**AIM OF THE TASK:**
Your job is to set down the stretch of entries that opens with the line containing "Celestial Bloom Pendant with Earring Set" and closes with the line containing "1st Edition, Cyberse, Dark, Savage". Keep both end lines, copy each exactly, and add nothing.

[Crawled caption data]

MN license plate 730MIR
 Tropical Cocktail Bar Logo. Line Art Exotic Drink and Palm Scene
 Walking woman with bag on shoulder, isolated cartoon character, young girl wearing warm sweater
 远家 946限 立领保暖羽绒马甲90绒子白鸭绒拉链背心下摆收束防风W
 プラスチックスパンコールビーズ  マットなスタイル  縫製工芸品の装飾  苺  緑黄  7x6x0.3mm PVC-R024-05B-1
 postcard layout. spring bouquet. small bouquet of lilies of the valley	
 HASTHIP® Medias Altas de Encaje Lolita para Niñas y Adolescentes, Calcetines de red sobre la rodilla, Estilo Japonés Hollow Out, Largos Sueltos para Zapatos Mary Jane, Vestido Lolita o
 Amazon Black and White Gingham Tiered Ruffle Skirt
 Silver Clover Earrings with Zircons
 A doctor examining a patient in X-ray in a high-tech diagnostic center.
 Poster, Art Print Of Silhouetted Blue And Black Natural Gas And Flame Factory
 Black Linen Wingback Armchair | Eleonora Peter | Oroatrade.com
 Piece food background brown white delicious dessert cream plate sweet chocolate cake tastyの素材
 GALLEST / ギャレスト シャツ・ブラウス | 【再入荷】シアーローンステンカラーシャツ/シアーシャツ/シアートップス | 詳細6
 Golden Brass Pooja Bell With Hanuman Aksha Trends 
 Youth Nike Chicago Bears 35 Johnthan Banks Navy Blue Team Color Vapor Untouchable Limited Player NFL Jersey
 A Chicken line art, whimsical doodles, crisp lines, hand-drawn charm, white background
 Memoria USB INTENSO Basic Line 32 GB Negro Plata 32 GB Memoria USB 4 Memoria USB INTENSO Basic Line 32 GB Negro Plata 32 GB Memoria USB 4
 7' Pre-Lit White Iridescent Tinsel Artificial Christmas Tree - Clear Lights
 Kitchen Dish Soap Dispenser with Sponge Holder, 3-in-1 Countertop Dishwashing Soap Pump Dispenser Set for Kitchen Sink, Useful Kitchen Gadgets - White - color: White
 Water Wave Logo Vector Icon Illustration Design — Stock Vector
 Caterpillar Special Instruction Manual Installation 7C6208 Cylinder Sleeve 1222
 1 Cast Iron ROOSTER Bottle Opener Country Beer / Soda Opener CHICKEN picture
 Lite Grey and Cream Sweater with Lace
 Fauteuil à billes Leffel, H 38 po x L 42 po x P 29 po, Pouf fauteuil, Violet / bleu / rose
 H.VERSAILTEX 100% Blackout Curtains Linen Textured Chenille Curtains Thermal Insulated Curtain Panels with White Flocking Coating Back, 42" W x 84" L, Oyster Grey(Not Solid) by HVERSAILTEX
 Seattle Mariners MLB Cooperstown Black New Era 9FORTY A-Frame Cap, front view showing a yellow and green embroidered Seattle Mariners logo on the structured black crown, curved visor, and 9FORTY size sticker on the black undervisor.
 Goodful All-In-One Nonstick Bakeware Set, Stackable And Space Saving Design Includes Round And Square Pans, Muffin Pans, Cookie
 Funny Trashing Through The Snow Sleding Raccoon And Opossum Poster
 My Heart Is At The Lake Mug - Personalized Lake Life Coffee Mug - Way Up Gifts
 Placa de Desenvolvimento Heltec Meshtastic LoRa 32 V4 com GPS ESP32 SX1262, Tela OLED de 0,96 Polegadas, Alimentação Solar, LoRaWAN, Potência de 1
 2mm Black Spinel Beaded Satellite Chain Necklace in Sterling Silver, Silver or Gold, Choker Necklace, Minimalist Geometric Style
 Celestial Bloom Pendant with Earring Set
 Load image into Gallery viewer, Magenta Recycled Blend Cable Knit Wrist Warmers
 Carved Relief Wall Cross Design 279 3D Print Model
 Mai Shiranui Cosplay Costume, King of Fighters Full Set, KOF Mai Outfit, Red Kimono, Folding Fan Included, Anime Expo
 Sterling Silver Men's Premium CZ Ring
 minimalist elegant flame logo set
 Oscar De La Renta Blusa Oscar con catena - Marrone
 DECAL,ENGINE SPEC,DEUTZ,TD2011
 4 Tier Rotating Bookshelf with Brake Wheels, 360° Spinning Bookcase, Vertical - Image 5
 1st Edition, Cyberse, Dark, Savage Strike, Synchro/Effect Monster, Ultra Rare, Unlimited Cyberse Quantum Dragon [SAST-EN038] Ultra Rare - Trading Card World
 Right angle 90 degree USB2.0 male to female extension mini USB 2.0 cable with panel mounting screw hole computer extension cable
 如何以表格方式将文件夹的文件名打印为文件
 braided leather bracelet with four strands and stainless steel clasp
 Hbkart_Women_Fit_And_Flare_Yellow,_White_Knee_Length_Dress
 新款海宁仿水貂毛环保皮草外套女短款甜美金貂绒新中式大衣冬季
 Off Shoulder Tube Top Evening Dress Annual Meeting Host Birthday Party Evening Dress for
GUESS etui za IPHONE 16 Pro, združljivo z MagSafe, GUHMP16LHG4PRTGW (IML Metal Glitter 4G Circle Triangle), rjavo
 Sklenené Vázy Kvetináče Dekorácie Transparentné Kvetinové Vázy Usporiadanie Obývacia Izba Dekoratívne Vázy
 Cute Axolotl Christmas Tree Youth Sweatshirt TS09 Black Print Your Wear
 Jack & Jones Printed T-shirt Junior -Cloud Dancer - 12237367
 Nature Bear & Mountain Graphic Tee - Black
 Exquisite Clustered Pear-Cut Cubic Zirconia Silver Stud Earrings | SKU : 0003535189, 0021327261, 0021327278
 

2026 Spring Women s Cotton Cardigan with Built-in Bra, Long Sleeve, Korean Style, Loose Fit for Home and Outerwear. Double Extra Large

**OUTPUT BELOW:**
 Celestial Bloom Pendant with Earring Set
 Load image into Gallery viewer, Magenta Recycled Blend Cable Knit Wrist Warmers
 Carved Relief Wall Cross Design 279 3D Print Model
 Mai Shiranui Cosplay Costume, King of Fighters Full Set, KOF Mai Outfit, Red Kimono, Folding Fan Included, Anime Expo
 Sterling Silver Men's Premium CZ Ring
 minimalist elegant flame logo set
 Oscar De La Renta Blusa Oscar con catena - Marrone
 DECAL,ENGINE SPEC,DEUTZ,TD2011
 4 Tier Rotating Bookshelf with Brake Wheels, 360° Spinning Bookcase, Vertical - Image 5
 1st Edition, Cyberse, Dark, Savage Strike, Synchro/Effect Monster, Ultra Rare, Unlimited Cyberse Quantum Dragon [SAST-EN038] Ultra Rare - Trading Card World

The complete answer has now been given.